[Dataset records]
########
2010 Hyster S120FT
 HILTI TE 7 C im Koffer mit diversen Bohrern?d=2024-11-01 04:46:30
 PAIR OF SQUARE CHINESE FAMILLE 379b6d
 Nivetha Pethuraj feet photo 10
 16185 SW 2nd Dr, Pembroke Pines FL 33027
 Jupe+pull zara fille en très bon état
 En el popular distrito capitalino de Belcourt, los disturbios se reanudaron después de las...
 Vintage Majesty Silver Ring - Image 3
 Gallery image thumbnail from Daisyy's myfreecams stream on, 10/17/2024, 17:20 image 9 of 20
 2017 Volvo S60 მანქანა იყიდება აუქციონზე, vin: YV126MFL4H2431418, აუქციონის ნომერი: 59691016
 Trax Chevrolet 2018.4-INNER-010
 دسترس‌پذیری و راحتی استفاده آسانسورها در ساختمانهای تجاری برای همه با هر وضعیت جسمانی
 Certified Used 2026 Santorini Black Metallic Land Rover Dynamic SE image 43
########
WHAT TO PRODUCE: Transcribe each line of the data above, unaltered, from the one where "En el popular" appears to the one where "Gallery image thumbnail" appears, inclusive of both.

RESULT OF THE TASK:
 En el popular distrito capitalino de Belcourt, los disturbios se reanudaron después de las...
 Vintage Majesty Silver Ring - Image 3
 Gallery image thumbnail from Daisyy's myfreecams stream on, 10/17/2024, 17:20 image 9 of 20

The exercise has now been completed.